There has been very wide impact of Puratan or Colebrooke’s Janamsakhi. The study of its contents caused a lot of excitement among the Sikhs. The correctness of the date of birth of Guru Nanak began to be debated, as it had been stated there that Guru Nanak was born on Vaisakh shudi 3 Sambat 1526 B.K., whereas the Sikhs following the Janamsakhi of Bhai Bala, the most popular Janamsakhi, have been celebrating the birth anniversary of Guru Nanak on Kartik Poornima, as it was stated there the Guru was born on Kartik Poornima Sambat 1526 B.K. Strangely enough, there was not even a single reference to Bhai Bala in the Puratan Janamsakhi, whereas in Bhai Bala’s Janamsakhi, Bala dominates. The close study of the texts of two Janamsakhi especially the names and nomenclature used there leads us to conclude that the Puratan Janamsakhi was older. Take, for instance, Syedpur mentioned in Puratan Janamsakhi.  It is a small town - Eminabad in the modern district of Gujranwala - now Pakistan. Syedpur has been mentioned in Tuzak-i-Babri as it was attacked by the Babar’s forces. In Bhai Bala’s Janamsakhi the name of the same town mentioned is Eminabad which came to be used much later. Similarly for carpenter the word used in Puratan Janamsakhi is Badisut, whereas in Bhai Bala’s Janamsakhi the word used for carpenter is ‘tarkhan’ which was used later. Keeping all this in view it appears that Dr. E. Trumpp’s following assessment appears to be correct :- “The later tradition which pretend to have knowledge of all the details of the life of Nanak was, therefore, compelled to put forth as voucher for its sundry tales and stories. Bhai Bala who is said to have been constant companion of Nanak from his youth up, whereas our old Janamsakhi does not even once mentioned Bhai Bala. If Bhai Bala had been constant companion of Nanak, and a sort of mentor to him, as he appears now in the current Janamsakhi it would be quite incomprehensive why never a single allusion should have been made to him in old tradition.
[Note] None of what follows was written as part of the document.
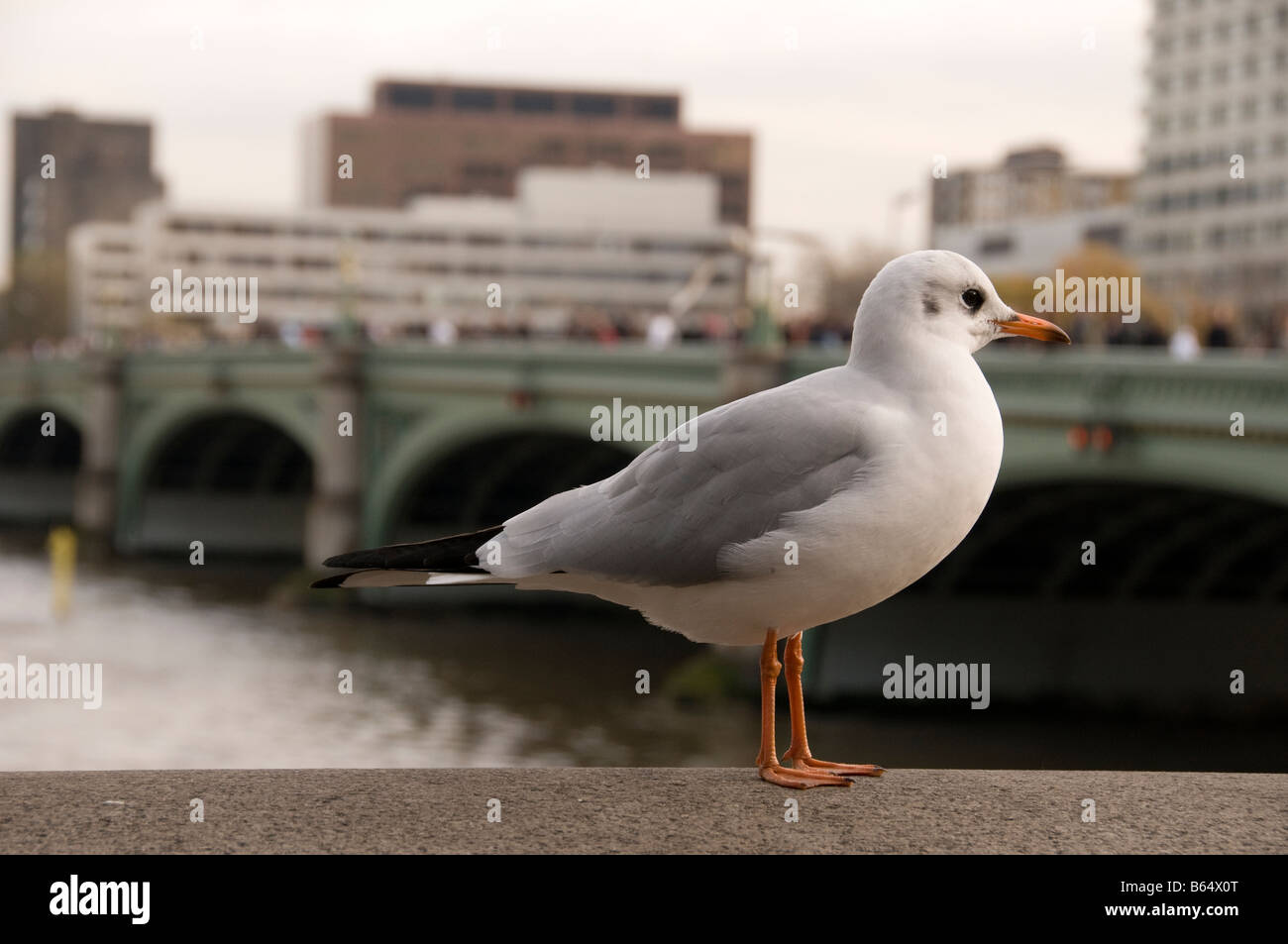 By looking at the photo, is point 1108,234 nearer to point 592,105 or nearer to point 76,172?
point 592,105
As an impact of Puratan Janamsakhi there had been controversy between Khalsa Dewan, Amritsar and Khalsa Dewan Lahore during the last decades of 19th Century. The majority of the former believed that the Guru’s birthday was in Kartik, whereas the majority of the latter stressed that it was Vaisakh. When Bhai Gurmukh Singh, a leader of Khalsa Dewan Lahore was ex-communicated, one of the charges was that he did not believe in Bhai Bala’s Janamsakhi.

There had been clear differences over this issue. Giani Gian Singh famous author of Twarikh-Guru Khalsa believed Bala’s Janamsakhi to be correct. Karam Singh, a researcher of Sikh history wrote a monograph, in Punjabi, entitled ‘Katak Ke Vaisakh’ and got it published in 1912 A.D. in which he proved that Guru Nanak was born in Vaisakh. This controversy has now been settled to some extent because some old manuscripts like Janamsakhi Meharban, Nanak Bans Parkash, etc. have been found which corroborate the Puratan Janamsakhi that Guru Nanak was born in the month of Vaisakh.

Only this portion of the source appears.